Function has been the focus of investigators^1,16,17 who have attempted to identify community-dwelling older people who are at risk for losing independence. Establishing guidelines and identifying interventions to alter the risk or to provide public health services to manage increasing dependence has also been a focus of researchers.^16,17 Physical function relates to the ability to perform activities of daily living (ADL), instrumental activities of daily living, and mobility tasks important for independent living without substantial risk of injury.¹⁸

Understanding the relationship of physical impairments and disabilities to physical function of community-dwelling older adults may increase the ability to identify older adults who are at risk for loss of independence and may help streamline the process of functional assessment.

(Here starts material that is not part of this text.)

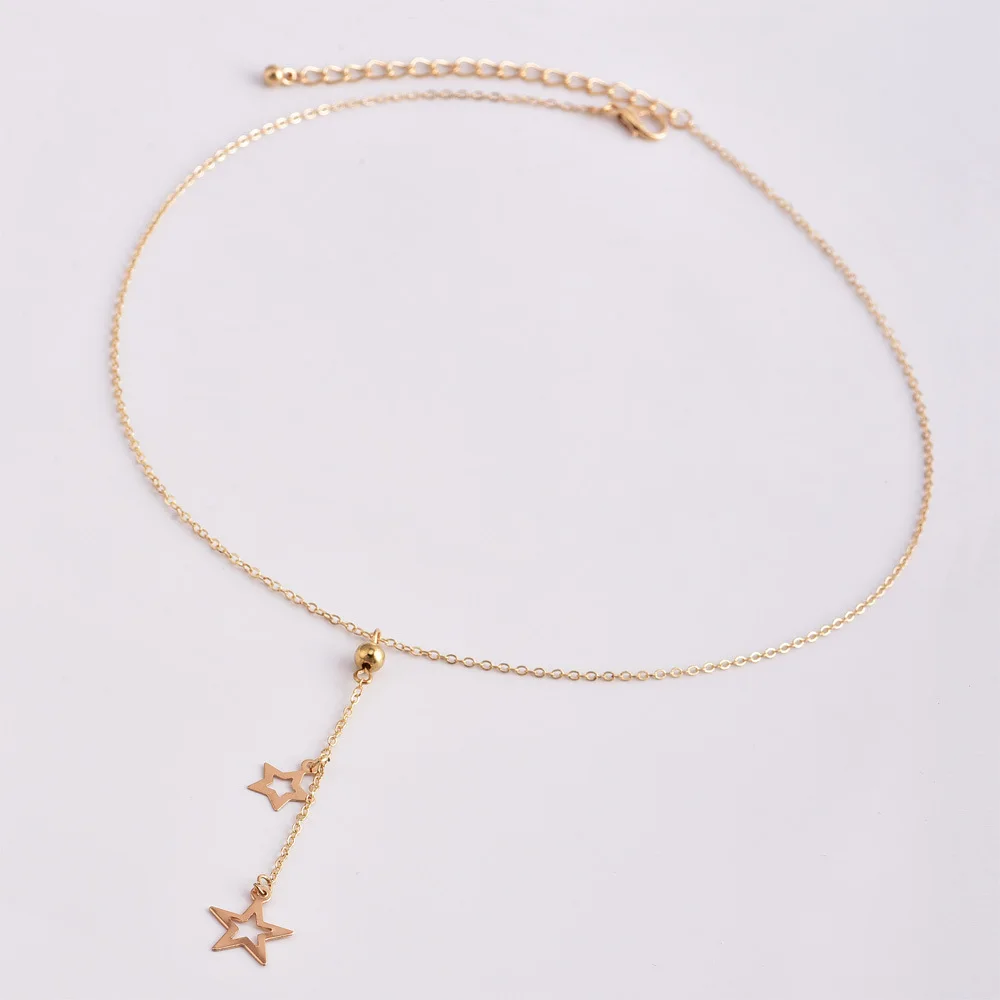 2019 New Personality Fashion Popular Simple Five-pointed Star Pendant Necklace Size Hollow Star Necklace Women Choker Necklace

Identifying physical impairments and disability associated with physical capabilities may be useful in developing interventions that can be tailored to specific impairments and disabilities. The purpose of our study was to examine the relationship of physical impairment and disability to physical function in community-dwelling older adults (60 years of age). We expected 4 domains (eg, a practical or meaningful set of related physiological functions, actions, or tasks¹¹) in physical impairment and disability to contribute to function in a manner consistent with independent community-dwelling living status: (1) mobility/fall risk, (2) muscle force, (3) coordination, and (4) general fitness.

	Method

Top Abstract Introduction Method Results Discussion and Conclusion References

 
Subjects

Participants in our study were male veterans referred to the Geriatric Evaluation and Management (GEM) program of the Pittsburgh University Drive Veterans Affairs Medical Center (UDVAMC), Pittsburgh, Pa, for examination. The GEM program is an interdisciplinary team approach to the examination and management of community-dwelling older veterans (60 years of age). The target population of veterans for the GEM program has been community-dwelling older veterans who are having difficulty in managing the daily activities and responsibilities of living in the community. Nonambulatory older veterans and older veterans with severe dementia or acute terminal illness are generally not seen by the GEM team, because the benefits of the GEM appear to be minimal for these groups.¹⁹ Veterans were referred primarily by health care professionals (eg, primary care physician, nurse, pharmacist, social worker) who were participating in the veterans' care. Referrals were based on the clinical opinion of the health care worker.

The geriatric nurse practitioner on the GEM team screened all referrals using telephone interviews before scheduling. This action excluded veterans with acute or terminal illness or severe dementia.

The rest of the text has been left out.